Article originally published in Style Reins Autumn 2016 magazine. Read the full issue plus current magazine and all other back issues for FREE with a digital magazine subscription: stylereins.com/shop/bronze
Andrea Sexton spoke to the well-known entrepreneur and ‘Dragons Den’ investor Deborah Meaden about Britain, business and what horses mean to her….
Do you think having a ‘Made in Britain’ label on a product still gives it prestige?
Britain is known for certain products such as fashion and textiles. It has a long history in the textile industry. It is lovely to be able to put a Made in Britain label on a product that you are proud to have made.
Are you personally passionate about products made in Britain?
Yes – when they are quality products I think it’s important to support British manufacturing. For instance I am involved with cloth manufacturers Fox Brothers. Getting involved in Fox Brothers (themerchantfox.co.uk) was one of those moments of serendipity; everything felt right – as soon as I visited the factory and smelt the wool I was excited to be involved.
Do you think that the often higher cost of manufacturing in the UK can be outweighed by the additional benefits that being ‘made in Britain’ can bring?

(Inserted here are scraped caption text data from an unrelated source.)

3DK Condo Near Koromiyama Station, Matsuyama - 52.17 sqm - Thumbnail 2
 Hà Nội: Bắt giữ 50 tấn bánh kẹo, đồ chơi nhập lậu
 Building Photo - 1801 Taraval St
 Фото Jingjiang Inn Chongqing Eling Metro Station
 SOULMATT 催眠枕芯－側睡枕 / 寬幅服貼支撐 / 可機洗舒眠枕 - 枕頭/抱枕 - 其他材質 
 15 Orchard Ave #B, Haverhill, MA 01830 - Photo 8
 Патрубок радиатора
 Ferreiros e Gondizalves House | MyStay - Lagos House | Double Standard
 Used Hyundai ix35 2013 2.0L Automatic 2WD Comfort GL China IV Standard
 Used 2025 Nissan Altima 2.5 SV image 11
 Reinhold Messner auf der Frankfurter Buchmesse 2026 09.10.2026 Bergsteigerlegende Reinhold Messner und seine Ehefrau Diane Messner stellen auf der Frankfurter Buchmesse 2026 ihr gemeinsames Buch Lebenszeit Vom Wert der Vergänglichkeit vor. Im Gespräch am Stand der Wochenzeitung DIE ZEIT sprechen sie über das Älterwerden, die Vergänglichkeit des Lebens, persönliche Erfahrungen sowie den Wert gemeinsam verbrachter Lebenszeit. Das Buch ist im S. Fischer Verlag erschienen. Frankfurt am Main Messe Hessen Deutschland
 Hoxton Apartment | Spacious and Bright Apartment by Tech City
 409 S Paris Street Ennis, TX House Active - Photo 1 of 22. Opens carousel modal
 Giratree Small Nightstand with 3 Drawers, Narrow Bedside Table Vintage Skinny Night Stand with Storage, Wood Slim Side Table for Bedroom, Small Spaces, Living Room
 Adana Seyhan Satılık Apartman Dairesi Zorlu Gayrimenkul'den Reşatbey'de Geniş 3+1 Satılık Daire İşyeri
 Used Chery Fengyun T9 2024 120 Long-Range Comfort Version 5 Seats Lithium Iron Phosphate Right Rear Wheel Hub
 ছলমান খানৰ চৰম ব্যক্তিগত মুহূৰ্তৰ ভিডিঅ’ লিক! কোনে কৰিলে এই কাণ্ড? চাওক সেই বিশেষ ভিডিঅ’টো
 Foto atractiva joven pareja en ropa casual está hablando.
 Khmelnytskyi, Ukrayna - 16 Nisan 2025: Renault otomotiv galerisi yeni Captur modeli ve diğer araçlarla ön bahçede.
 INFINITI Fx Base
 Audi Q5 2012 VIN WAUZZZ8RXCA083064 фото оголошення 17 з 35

Interestingly it is not always cheaper to manufacture abroad in current times – certainly manufacturing in China is becoming more expensive and there are now good options here in the UK. The most important thing is that the product is good and has quality. It’s no good just charging more because it has a Made in Britain label on it. It has to be a good product.
What do you think of the equestrian industry in Britain?
Britain has a lot of horses and passionate horse owners who are prepared to spend a lot on their horses. It is really important for anyone starting a business to be smart about the product they are selling – just because you like it does not mean other people will. You have to tell a very clear story so people understand why a product is the best.
What are the biggest difficulties a person starting out in business has to face & what was the biggest hurdle you had to overcome?
It’s very personal. For most people its confidence – as an entrepreneur you need to be able to take risks and to take a leap. Often people who have invented something are reluctant to talk about it to anyone in case their idea gets stolen – you do have to talk to someone eventually. You have to take a look at yourself and understand what might be holding you back as a person, you need to understand yourself. When it comes to choosing partners make sure they complement you; that they can do the things that you cannot.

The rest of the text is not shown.